The potentiomater module 14 is constructed separately from the mounting case 12. This permits the module to be tested independently of the casing so that should a module be rejected, only the module need be disposed of or reworked and not the entire position sensor. Additionally, by constructing the potentiometer module 14 separately from the mounting case 12, the same potentiometer module may be used with differently shaped mounting cases. This can be a particularly useful feature where differences in the mounting case are required due to the requirements of mounting in various different carburetors.
The potentiometer module 14 includes four elements, a unitary cylindrical casing 36, a torsion spring 38 fitting into the cylindrical casing 36, a rotor 40, and a substrate element 42. These elements are shown in an exploded perspective view in FIG. 2. The cylindrical casing 36 has at one end a flat annular surface 44 from which extends a cylindrical boss 46 having a smaller diameter than the main portion of the cylindrical casing. The diameter of this integrally formed boss 46 is used as the "pilot diameter" to mate with a cylindrical collar (not shown) on the carburetor to precisely center the throttle position sensor relative for example, to an arm connected to the butterfly fly valve.
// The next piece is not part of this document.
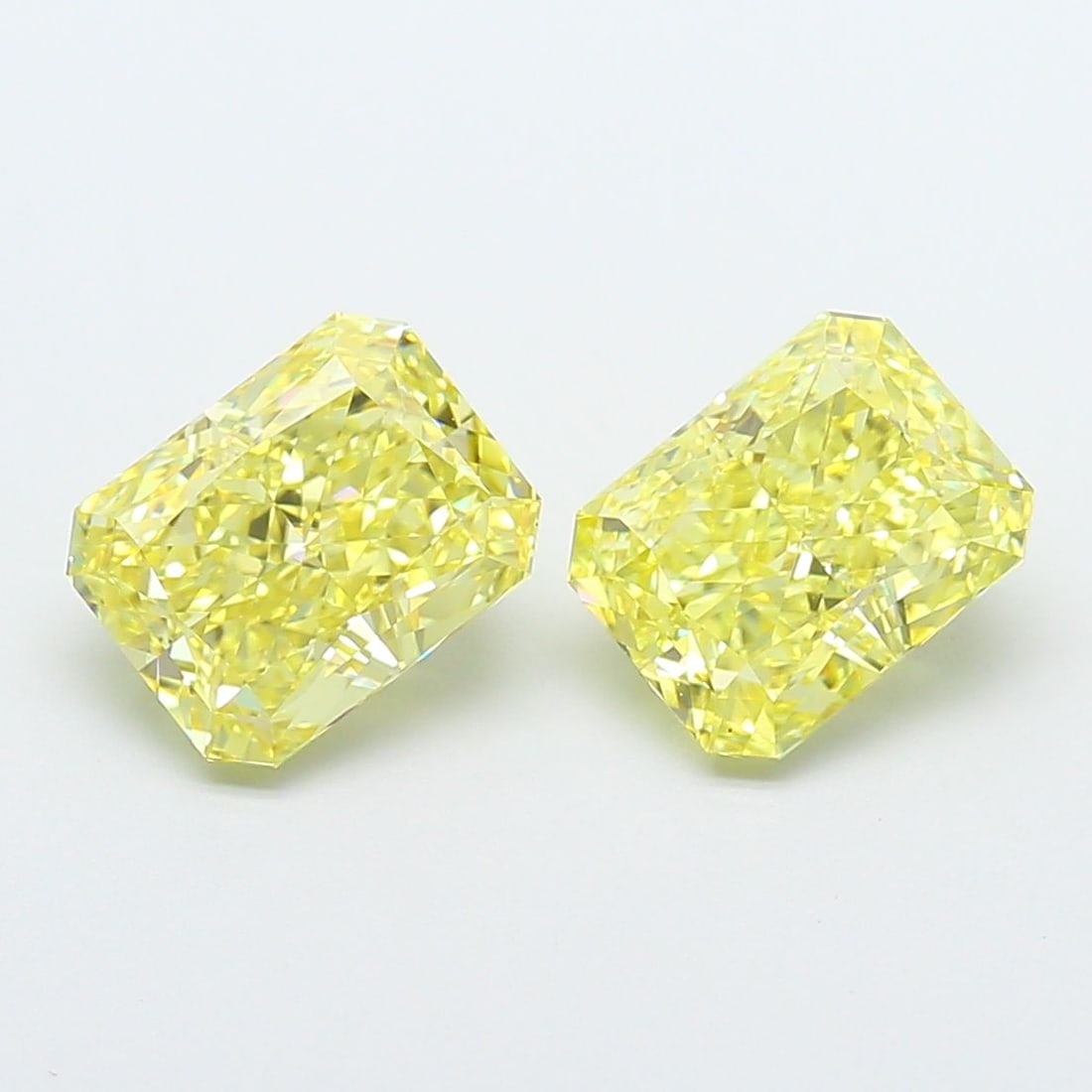 Loose Diamond - RADIANT 2.04ct Fancy Intense Yellow VS1: Loose Diamond - RADIANT 2.04ct Fancy Intense Yellow VS1 Source: This is a real non-mined Diamond that has been grown in a lab Shape: RADIANT Carats: 2.04 Color: Fancy Intense Yellow Certification: IGI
Just inside the cylindrical casing 36 on the side proximate the pilot diameter boss 46 is a cylindrical element 48 for providing one bearing surface 49 rotatably supporting the bearing surface 50 of the rotor 40. Just inside the cylindrical casing on the side opposite the pilot boss 46 is a bearing surface 53 for rotatably supporting the cylindrical surface 51 of the rotor 40. Thus the single piece cylindrical casing 36 provides the two spaced cylindrical bearing surfaces 49 and 53 for the cantilever bearing system of the present invention.
It is important at this point to note that the two bearing surfaces 53,49 as well as the cylindrical pilot boss 46 which acts to aid in aligning the throttle position sensor with an arm connected to the butterfly valve are all formed in the one piece casing 36. A major advantage of this one piece construction is that alignment of the bearing surfaces 53, 49 and the pilot boss 46 takes place during the molding process and not during the stage at which the pieces are put together. This feature acts to substantially reduce the manufacturing costs over those of previous potentiometers and in addition makes possible alignment tolerances which are on order of magnitude greater than has been possible in the past.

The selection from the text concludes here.